脳出血の後遺症も演技の一環かと思うくらい、塩見三省の演技が光ってた。
そして、
日本の芸能界同様、アウトレイジの世界も高齢化が進んでいた。
あと、北野作品がフランスで受ける理由がちょっとわかった。気がする。
(『アウトレイジ』シリーズしか観たことがないけど)
映像が、色のトーンがきれい。音楽がかっこいい。フィルム・ノワール的な退廃感。
この辺りの美的感覚がフランス人の琴線に触れるんでしょーな。(って上から!)
だけど、1点。
私は日本人だから
どうしても気になることが1点。
関西弁がヘン。
関西弁がヘンだよ『アウトレイジ 最終章』。
まぁその、ひとえに「関西弁」と言っても、
大阪、京都、神戸など各地域によって
語尾やイントネーションが違うけれど。
それにしても、
『アウトレイジ 最終章』の関西弁は違和感ありあり。
特に、最終章の主軸を担うピエール瀧の関西弁がすごいヘン。
キャラクターがいいだけに、とっても気になる。
これ、井筒監督だったら
「しょーもない関西弁しゃべりやがって、ボケェ!」
つってブチ切れていると思う。
アーティストは耳がいいっていうけれど、
静岡出身者に関西弁はムリがあったんじゃないだろうか。
(それとも、エセ関西弁を喋る役だったのか?)
福島出身の西田敏行は、普通に上手なのに(さすがはナイトスクープ局長)。
「英語はロックのビートにハマる言語で、
フランス語は愛を語るのにピッタリの言語」
そんな話を聞いたことがあるけれど、
同様に語るなら、
「関西弁は口喧嘩をするのにもってこいの言語」だと思う。
そもそも、瀬戸内海周辺地域の言葉遣いは、
13~16世紀ころに東南アジアで活動した海賊(倭寇・わこう)に
由来するところが大きいらしく、
そのせいか?なかなか汚い。
(「~やんけ」といった、語尾の「け」が汚さの筆頭。と思う)
さらに、ケンカ言葉の語彙が豊富。
「殴る」という言葉ひとつ挙げても、
「どつく」「しばく」「いてこます」「どつきまわす」・・・etc.
『アウトレイジ』では特に、
関東勢が「バカヤローコノヤロー」一本調子なこともあって、
関西弁のケンカ言葉がいっそう際立つ。

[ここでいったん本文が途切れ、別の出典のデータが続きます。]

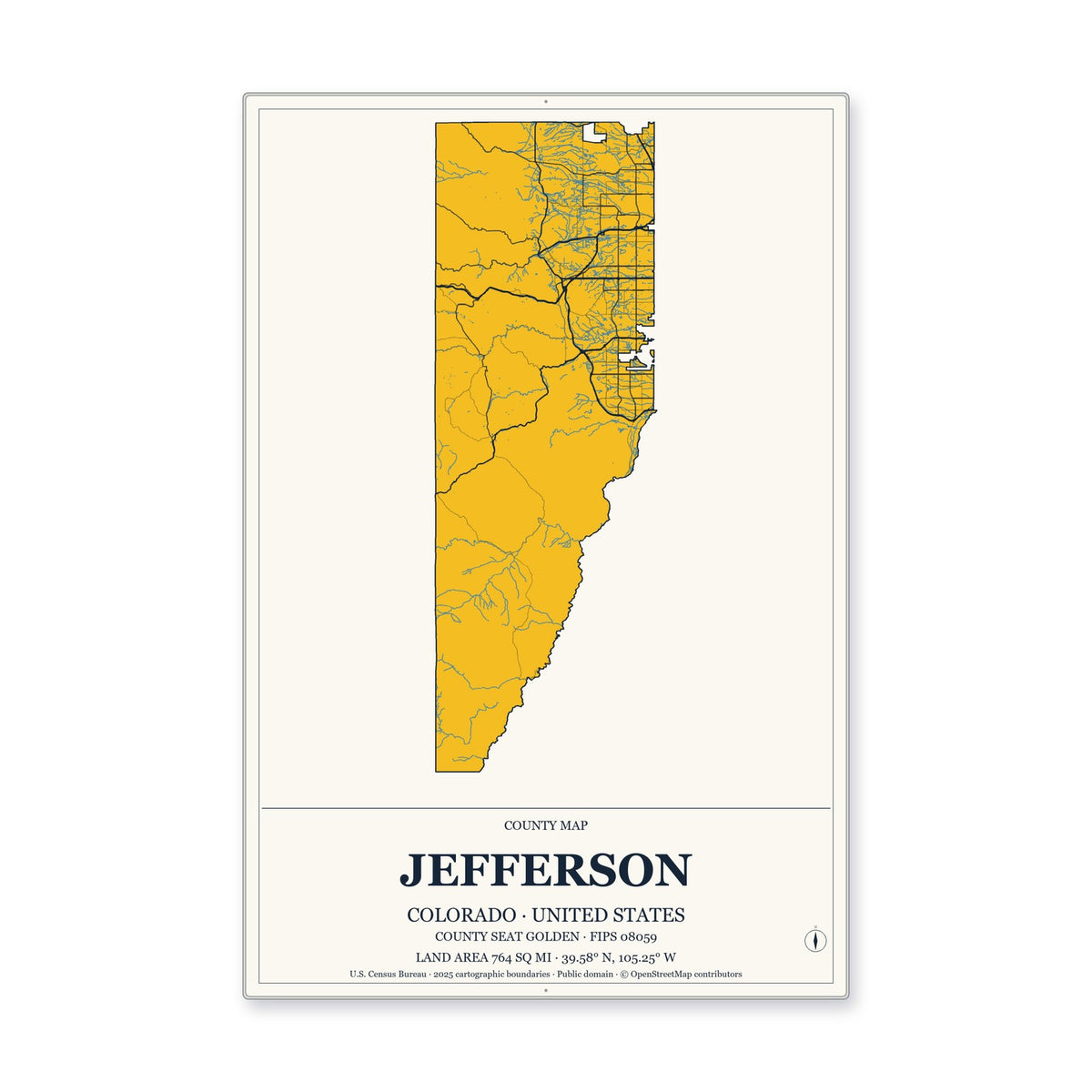 Jefferson County, Colorado Map Aluminum Sign in Citrine Modern style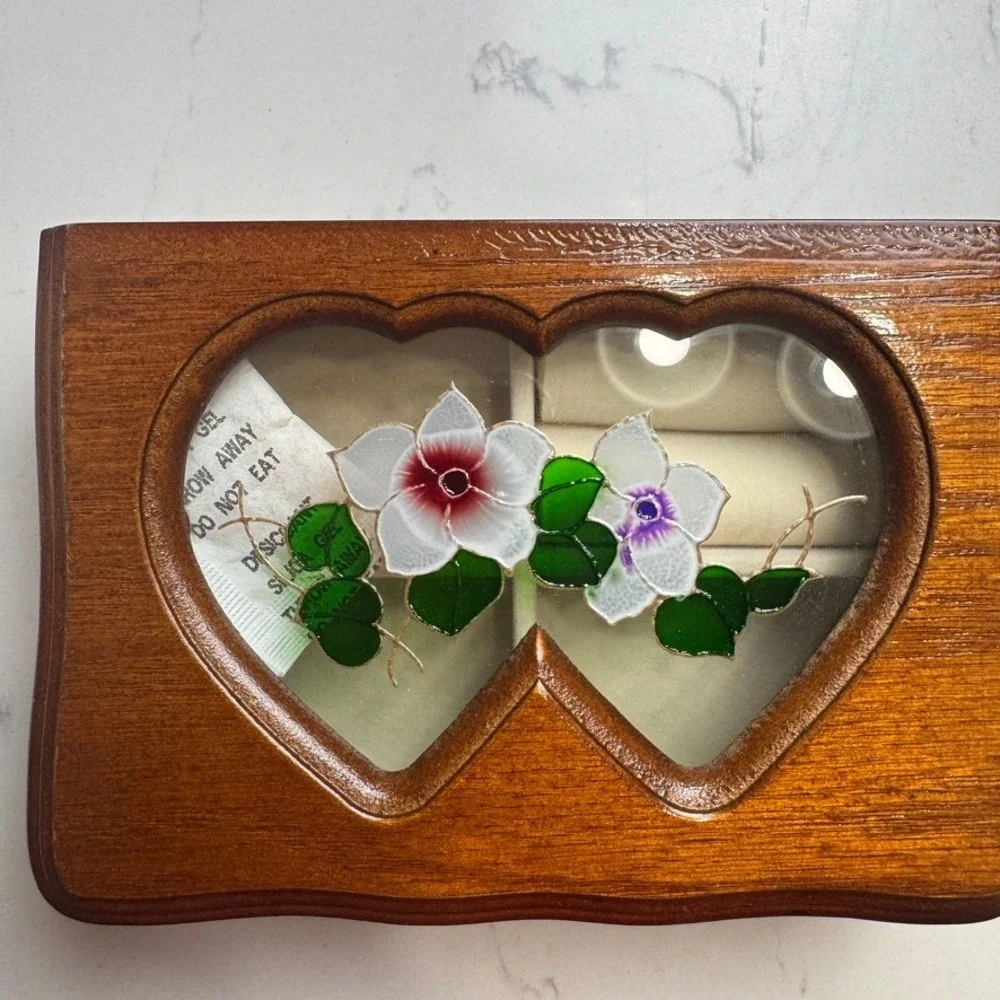 Vintage Kmart Walnut Finish Jewelry Box Stained Glass Double Heart Floral Lid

ハズなのに。
せっかくの素晴らしいケンカ言葉が、
ヘンな発音でパァになっている。あぁもったいない。
その点、監督&役者が関西出身の『火花』はかなり優秀。
(予告だけで期待しすぎ?)
とりあえず、
北野監督には、アニメ版の『じゃりんこチエ』と、
吉本新喜劇・未知やすえのキレ業&巻き舌を観て勉強してほしい。